AI Will Drive Streaming Data Use — But Not Yet, Report Says
Seventy-two percent of people knowledgeable about streaming data believe artificial intelligence and machine learning (AI/ML) will drive its adoption over the next one to two years, according to a new report.
Yet, AI/ML is neither the top use case nor the benefit cited by current users of streaming data. Instead, real-time analytics is by far the most common use case, and improved productivity is the top motivation to use the technology.
The survey by Redpanda, a data streaming platform, was completed in July and August by 300 U.S. respondents, most of whom hold IT roles.
Overall, 59% of survey participants said they currently use streaming data; the remaining 41% are assumed to have plans to adopt the technology sometime in the future. Due to self-selection among respondents, overall adoption levels in the marketplace are likely lower.
Even among current users, only slightly less than half (46%) have actually finished implementing their streaming data solution. Many of the implementations are incomplete because streaming is not used across many of the applications in use.
Another report, by Confluent, found that 47% of streaming data organizations have at least 10 critical systems that rely on the technology. This group may not be done making their transition to streaming data, but their implementations are relatively mature.
Data Volume Will Drive Infrastructure Changes
As the number of systems that use data streaming increases, data volume will certainly rise as well. Per the Redpanda study, 82% of organizations with streaming data generate at least 10GB a day of volume from analytical workloads, with almost as many (76%) handling that volume of transactional streaming data workloads.
To understand how much data infrastructure will need to adapt in the near future, the first step is to determine how many more systems will rely on streaming data. Next, the degree to which each application’s use of data will increase is estimated.
Although AI/ML may require a lot of data to create a model, it often doesn’t need to be “fast data.” The velocity at which the data is accessed is not always a critical metric, because only a select group of AI/ML use cases actually require real-time, streaming data.
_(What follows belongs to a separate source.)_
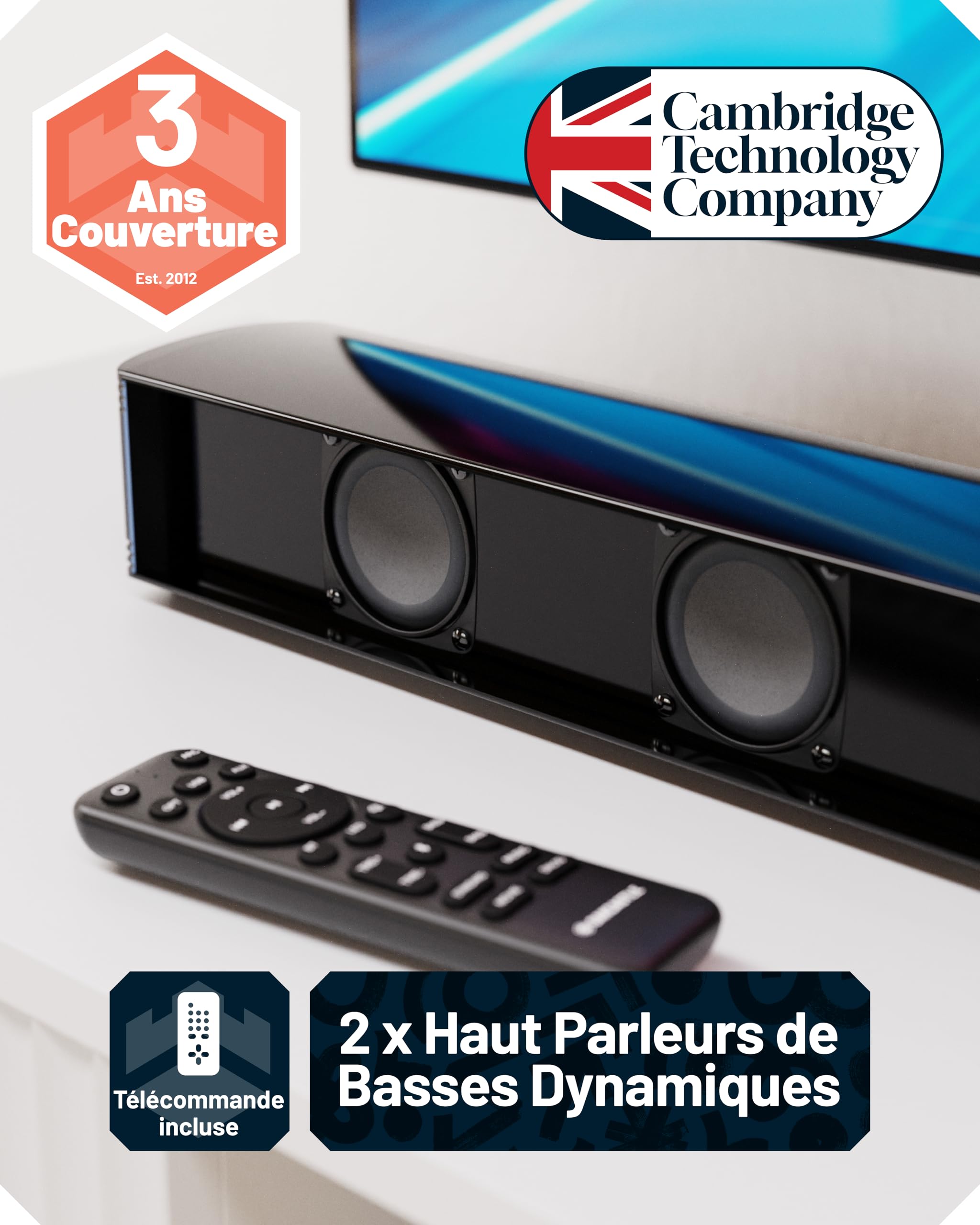 Oakcastle SB80 Barre de Son Home Cinéma sans Fil Bluetooth 5.1 HDMI Arc Optique AUX USB Soundbar Caisson de Basse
The rest can use more traditional batch processing techniques.
Top Reasons Streaming Data Is Used
While AI/ML gets a lot of attention, it is not the most common use case. Real-time analytics is used by 71% of data streamers in the Redpanda survey, followed by 64% supporting e-commerce transactions with streaming data. Internet of Things (IoT), fraud detection and personalization are also commonly supported.
A still impressive 47% of survey participants have a situation where AI/ML uses streaming data. For context, way back in a 2019 study The New Stack conducted with Lightbend, researchers found that 33% of streaming data users used the technology for AI/ML.
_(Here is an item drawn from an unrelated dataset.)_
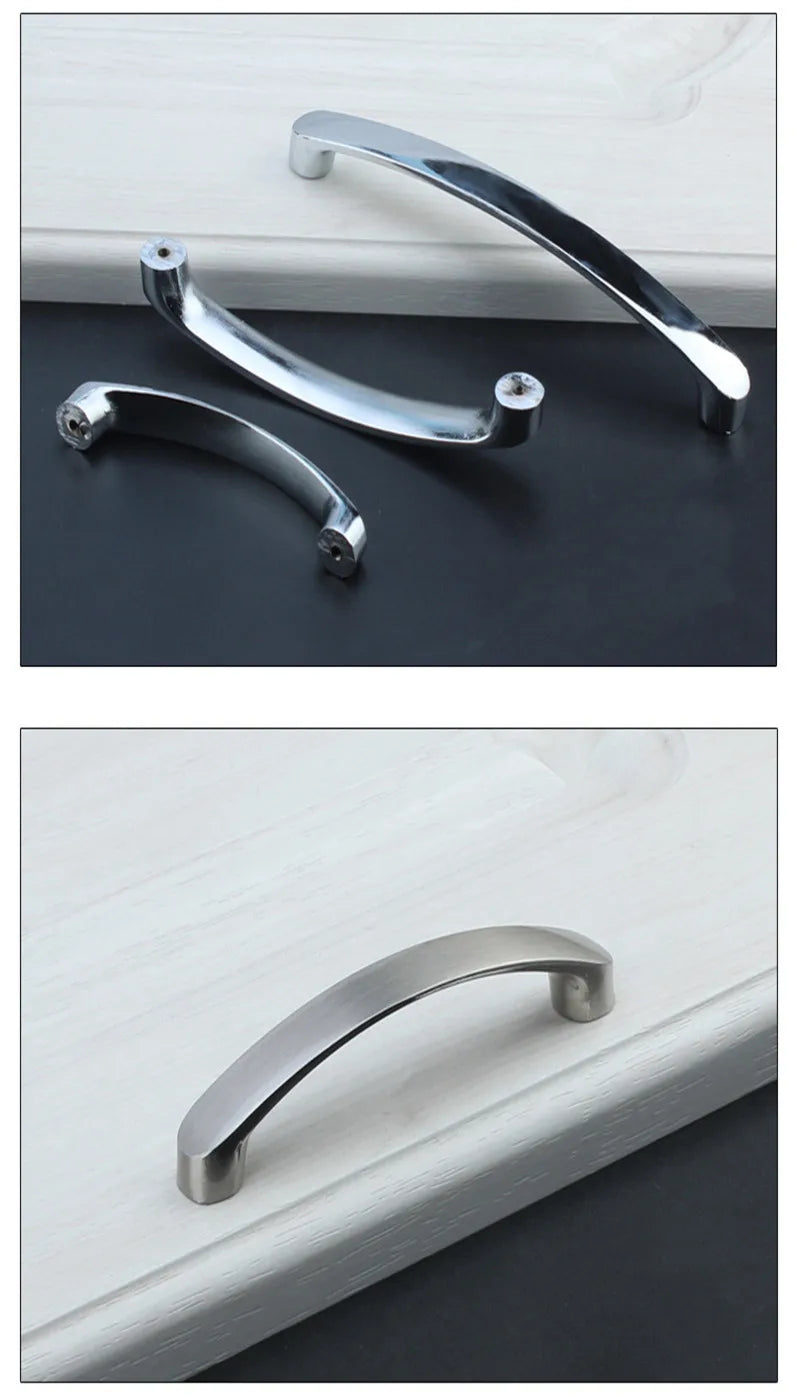 Poignées de meuble en alliage d'aluminium brossé pour porte de cuisine, tiroir, meuble moderne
Improved productivity was cited by 60% of Redpanda respondents as a reason to use streaming data technologies. At 49%, business agility was the second most cited motivation. Support for AI/ML was also cited by 43% as a motivation.
In terms of business goals, 64% of users believe streaming data is benefiting cybersecurity, and the same percentage are broadly looking for anomalies in their data streams.
Streaming Options Are Complex
When asked about the perceived technical challenges of working with streaming data, security and data privacy were cited by 42% of participants in the Redpanda survey. Other key findings:
- Data consistency (35%) and complexity (29%) were cited as other leading challenges in working with streaming data.
- People who haven’t started using streaming data are almost twice as likely as current users (40% versus 21%) to be concerned about complexity.
In terms of business challenges, cost/price is cited most often. Attaining necessary in-house skills is also problematic, as data engineers are in high demand.
Streaming Data Analytics: Tools
Streaming analytics tools are used by 66% of current users, according to the Redpanda survey, followed by 4% deploying streaming databases (such as Materialize), 51% using an operational database (such as Apache Cassandra) and 41% using a data lake or warehouse.
Only a third (34%) are actually using a stateful stream processing framework. Google’s Dataflow is the framework used by the largest number of survey respondents, followed by Apache Flink and NiFi. Although they are lower on the list, emerging vendors DeltaStream and Quix are used more often than several of their competitors.
Differentiating between these options is confusing because many data platforms bundle several of these capabilities together. For example, while 77% of current users in the Redpanda survey said they have a Kafka-compatible platform, only 7% of users are specifically using Kakfa Streams.
Data platforms like Aiven and Redpanda are compatible with a range of stream processing frameworks and databases. Instead of making users decide on a specific technology, data platforms are now competing based on how many data sources and types they can integrate with.